Fisher certainly
understood that clearing the significance bar wasn’t the same thing as finding
the truth. He envisions a richer, more iterated approach, writing in 1926: “A scientific fact should be
regarded as experimentally established only if a properly designed experiment
rarely fails to give this level of significance.”
Not “succeeds
once in giving,” but “rarely fails to give.” A statistically significant
finding gives you a clue, suggesting a promising place to focus your research
energy. The significance test is the detective, not the judge. You know how
when you read an article about a breakthrough finding that this thing causes
that thing, or that thing prevents the other thing, and at the end there’s
always a banal sort of quote from a senior scientist not involved in the study
intoning some very minor variant of “The finding is quite interesting, and
suggests that more research in this direction is needed”? And how you don’t
really even read that part because you think of it as an obligatory warning
without content?
Here’s the
thing—the reason scientists always say that is because it’s important and it’s
true! The provocative and oh-so-statistically-significant finding isn’t the
conclusion of the scientific process, but the bare beginning. If a result is
novel and important, other scientists in other laboratories ought to test and
retest the phenomenon and its variants, trying to figure out whether the result
was a one-time fluke or whether it truly meets the Fisherian standard of “rarely fails.” That’s
what scientists call replication; if an effect can’t be replicated, despite
repeated trials, science backs apologetically away. The replication process is
supposed to be science’s immune system, swarming over newly introduced objects
and killing the ones that don’t belong.
That’s the ideal,
at any rate. In practice, science is a bit immunosuppressed. Some experiments,
of course, are hard to repeat.

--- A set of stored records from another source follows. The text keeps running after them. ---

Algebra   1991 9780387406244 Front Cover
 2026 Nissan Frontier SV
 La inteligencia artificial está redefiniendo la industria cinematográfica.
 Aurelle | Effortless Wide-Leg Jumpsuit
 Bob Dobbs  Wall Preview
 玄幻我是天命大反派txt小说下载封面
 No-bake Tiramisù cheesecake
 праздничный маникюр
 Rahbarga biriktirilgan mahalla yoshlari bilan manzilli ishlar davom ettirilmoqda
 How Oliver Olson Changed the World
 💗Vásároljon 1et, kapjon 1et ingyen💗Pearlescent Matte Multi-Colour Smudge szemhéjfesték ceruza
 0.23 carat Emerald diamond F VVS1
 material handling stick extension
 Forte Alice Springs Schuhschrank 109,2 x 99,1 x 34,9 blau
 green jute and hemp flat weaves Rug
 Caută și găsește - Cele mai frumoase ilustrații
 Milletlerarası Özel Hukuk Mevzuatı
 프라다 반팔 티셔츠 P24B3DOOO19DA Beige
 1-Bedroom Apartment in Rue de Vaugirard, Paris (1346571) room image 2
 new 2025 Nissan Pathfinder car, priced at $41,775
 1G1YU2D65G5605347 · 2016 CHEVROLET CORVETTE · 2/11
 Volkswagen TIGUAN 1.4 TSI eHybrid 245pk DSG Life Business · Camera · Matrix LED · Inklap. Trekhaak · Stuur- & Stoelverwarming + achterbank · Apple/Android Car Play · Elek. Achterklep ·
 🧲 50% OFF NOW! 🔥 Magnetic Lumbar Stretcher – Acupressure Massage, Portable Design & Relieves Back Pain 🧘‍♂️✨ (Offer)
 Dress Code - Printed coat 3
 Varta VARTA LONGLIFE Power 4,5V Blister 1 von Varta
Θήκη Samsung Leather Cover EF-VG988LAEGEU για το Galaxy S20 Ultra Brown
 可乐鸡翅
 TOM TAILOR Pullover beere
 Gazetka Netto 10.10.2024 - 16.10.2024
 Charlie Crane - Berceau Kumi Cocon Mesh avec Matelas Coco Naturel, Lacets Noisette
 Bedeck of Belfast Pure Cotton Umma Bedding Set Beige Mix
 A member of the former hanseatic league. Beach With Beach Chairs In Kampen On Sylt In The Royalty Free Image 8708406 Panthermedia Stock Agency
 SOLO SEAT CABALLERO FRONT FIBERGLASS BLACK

If your study measures a four-year-old’s ability
to delay gratification and then relates these measurements with life outcomes
thirty years later, you can’t just pop out a replication.
But even studies
that could be replicated often aren’t. Every journal wants to publish a
breakthrough finding, but who wants to publish the paper that does the same
experiment a year later and gets the same result? Even worse, what happens to
papers that carry out the same experiment and don’t find a significant result?
For the system to work, those experiments need to be made public. Too, often
they end up in the file drawer instead.